«Доктор Живаго» глазами Ариадны Эфрон
Фрагмент из книги «Воздух трагедии», готовящейся в печати в московском издательстве «Arsis Box»
В одном из первых своих писем Борису Пастернаку Марина Цветаева дала ему очень важный и психологически зоркий совет:
«…Вам нужно писать большую вещь. (…) Книга пишущего не бросает, люди – судьбы – души, о которых пишешь, хотят жить, хотят дальше жить, с каждым днём пуще…» (1923, 11февраля).
В одном из писем Ольге Фрейденберг Борис Леонидович прямо писал о том, что считает роман «Доктор Живаго» частью своего долга перед Мариной Цветаевой. Ко времени создания романа из всей цветаевско – эфроновской семьи в живых осталась только Аля. Осталась совсем одна, её ссылка казалась бессрочной. Бориса Леонидовича она ощущала как самого близкого человека: пока он есть на свете, для Али не может порваться «связь времён», потому и роман «Доктор Живаго» стал – без всякого преувеличения – большим событием её жизни. Читала она очень взволнованно и в каком-то смысле – как бы «глазами всей семьи». Большое письмо её Б. Пастернаку, посвящённое «Доктору Живаго», занимает особое место во всей их уникальной переписке. Многое стоит за каждой его строкой… «Образы Лары, Юры, Павла больно входят в сердце, потому что мы их знали такими, какими они даны тобою, и мы их любили, и мы потеряли их, потому что они умерли, или ушли, или прошли, как проходит болезнь, молодость, жизнь. Как умираем, уходим, проходим мы сами…». Именно потому, что так «больно входят» в её сердце эти люди, ей и мешает порой в романе «теснота страшная», и она пишет: «В 150 страничек машинописи втиснуть столько судеб, эпох, городов, лет, событий, страстей, лишив их (…) необходимого пространства и простора, воздуха!» Она заботится о героях романа как о родных людях, и ей хочется дать им больше «простора и воли», чтобы и самой как можно дольше «жить» в этой книге.
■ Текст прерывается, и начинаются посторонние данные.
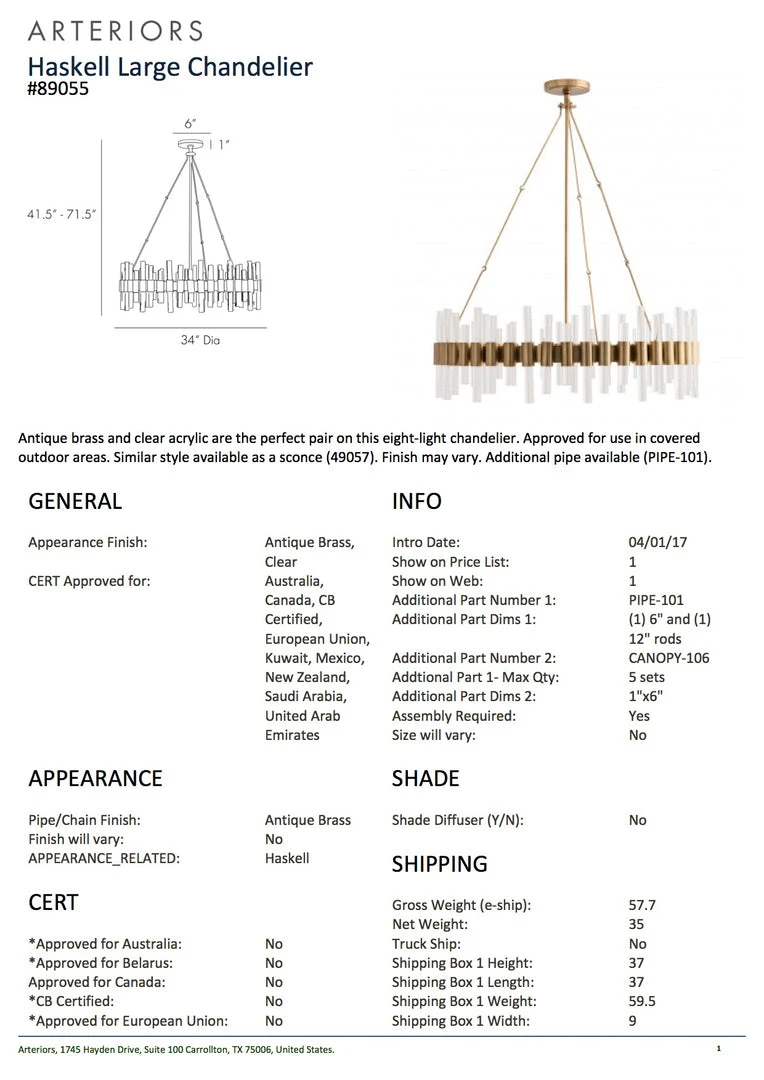 Arteriors Home Haskell Large Chandelier 8 Arteriors Home Haskell Large Chandelier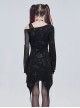 Gothic Style Skull Print Knitted Fabric With Asymmetric Mesh Stitching Long Sleeve Black Daily Off Shoulder Dress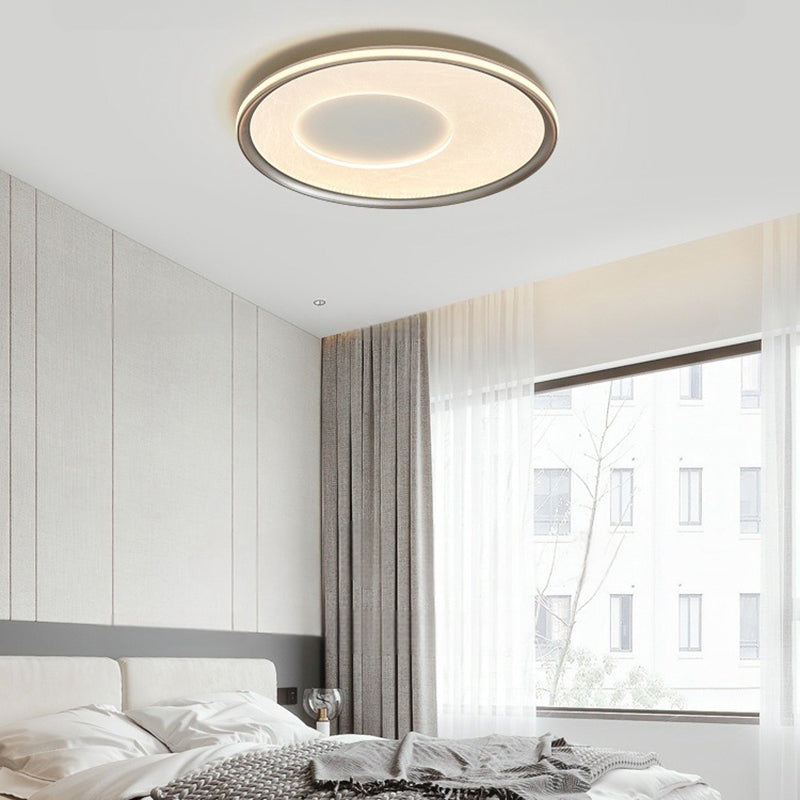Contemporary Nordic Round Print Acrylic Aluminum LED Flush Mount Ceiling Light For Bedroom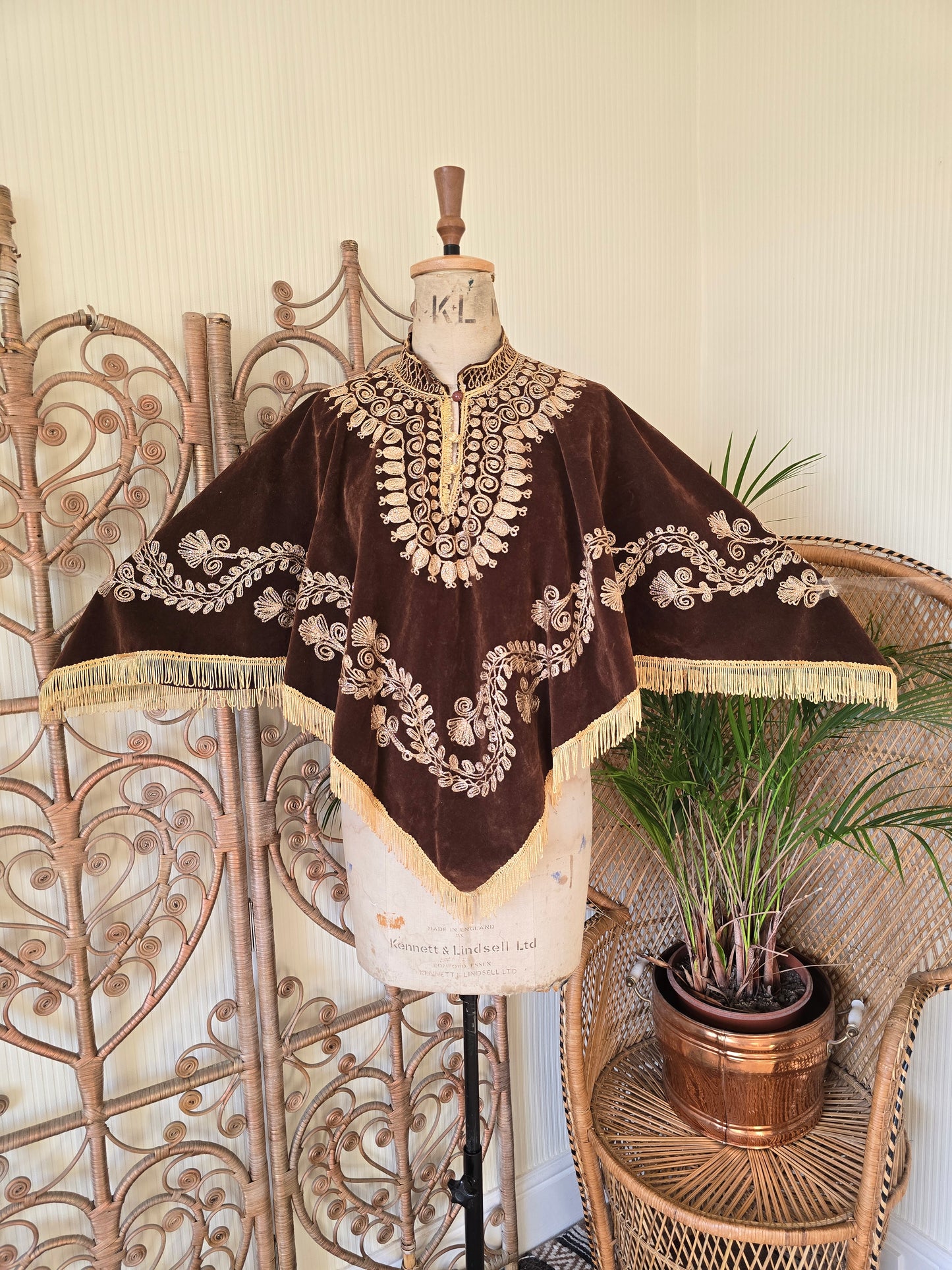 Vintage velvet cape poncho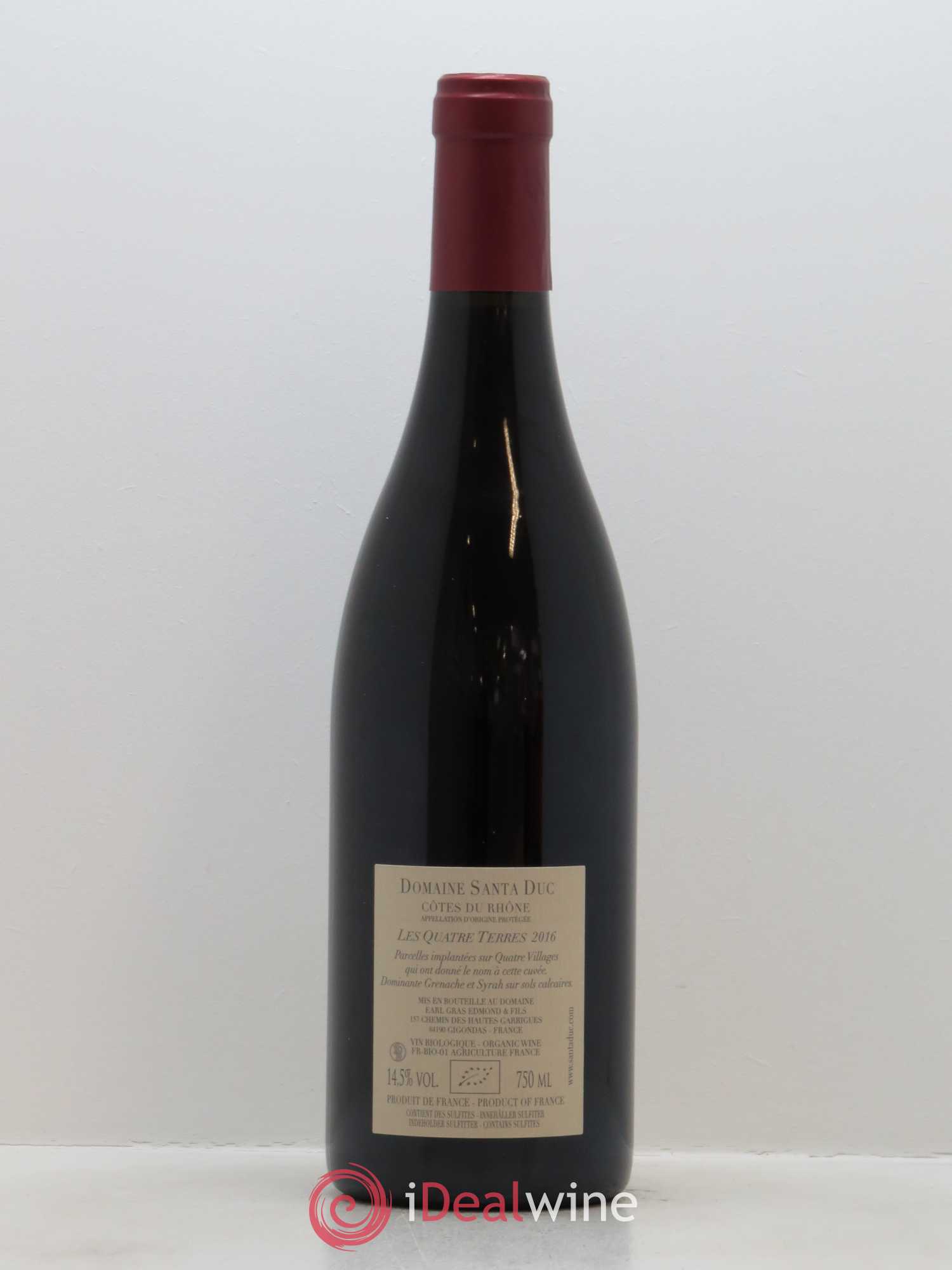 Côtes-du-Rhône Santa Duc (Domaine) Les Quatre Terres Famille Gras 2016 - Lot de 1 bouteille - 1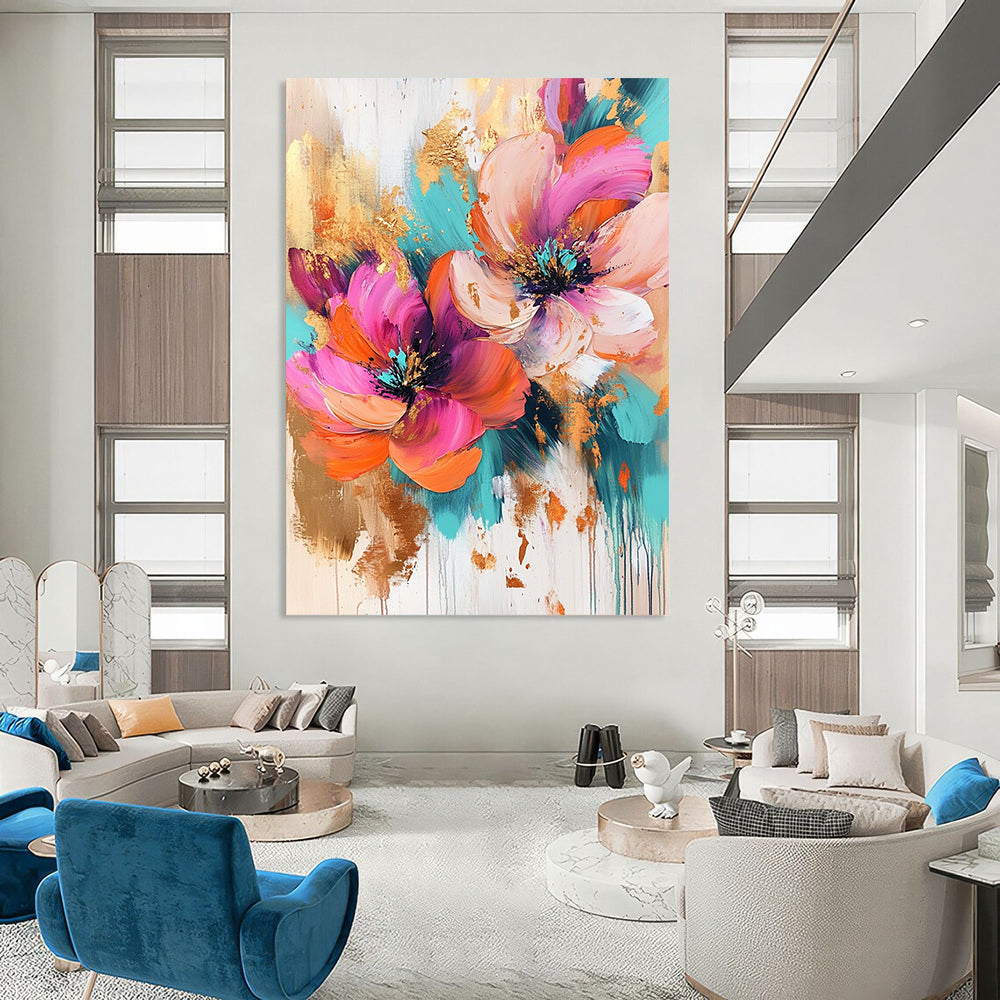 Contemporary abstract artwork featuring vibrant pink, orange, and turquoise flowers enhanced with gold leaf splashes, ideal for modern decor. DLZ1263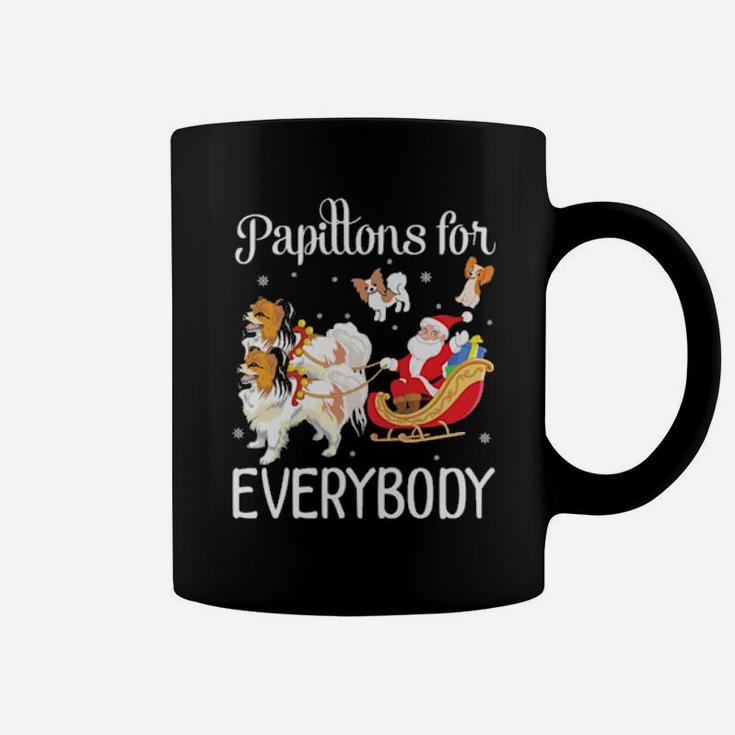 Santa Claus With Papillon Dogs Papillons For Everybody Merry Coffee Mug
Иногда ей важно что-то психологически уточнить и даже исправить: «Павел уехал на фронт. (…) В таких случаях расстояние и недосягаемость страшно сближают людей, а Лара, когда письма от Антипова прекращаются, «вначале не беспокоится”. Да возможно ли не беспокоиться вначале? (…) И чувство её к ребенку должно было сделаться более смятенным…».
Как не услышать здесь и память об их с Мариной страхе за Сергея в 1918 – 1921 годах, и воспоминание об особом, позднее никогда не повторившемся отношении Марины к маленькой дочке, так напоминающей отца («Ты отца напоминаешь мне /Тоже ангела и воина!»), и собственный взрослый опыт Али, ожидавшей писем от любимого в лагере.
Такая читательница, как Ариадна Эфрон, не могла не почувствовать, что и болевая память Бориса Леонидовича о её родителях тесно вплетена в ткань романа. Дело, разумеется, не в буквальных аналогиях, не в прямом сходстве характеров и ситуаций, но в строе чувств, в том, о чём и как люди думают и говорят, какие мотивы двигают ими и определяют поступки.
Ставший мужем Лары тихий книжный мальчик Павел Антипов (с «уютным» домашним именем «Патуля») неожиданно для неё рванулся на фронт, а потом – в водоворот Гражданской войны. Сложные душевные побуждения владеют им во всём этом. И среди них – мучительно трудные отношения с женой: «Вдруг она (Лара) поняла <…>, что Патуля заблуждается насчет её отношения к нему. Он не оценил материнского чувства, которое она всю жизнь подмешивает в свою нежность к нему, и не догадывается, что такая любовь больше обыкновенной женской» (курс. – Л.К.). Дело действительно не в прямых аналогиях, но, честно говоря, читая такое, совсем отбросить их невозможно, как и при чтении другого эпизода: фронтовой товарищ Павла «временами, глядя на него, (…) готов был поклясться, что видит в тяжелом взгляде Антипова, как в глубине окна, кого-то второго, прочно засевшую в нем мысль, или тоску по дочери, или лицо его жены. Антипов казался заколдованным, как в сказке (курс. мой – Л.К.)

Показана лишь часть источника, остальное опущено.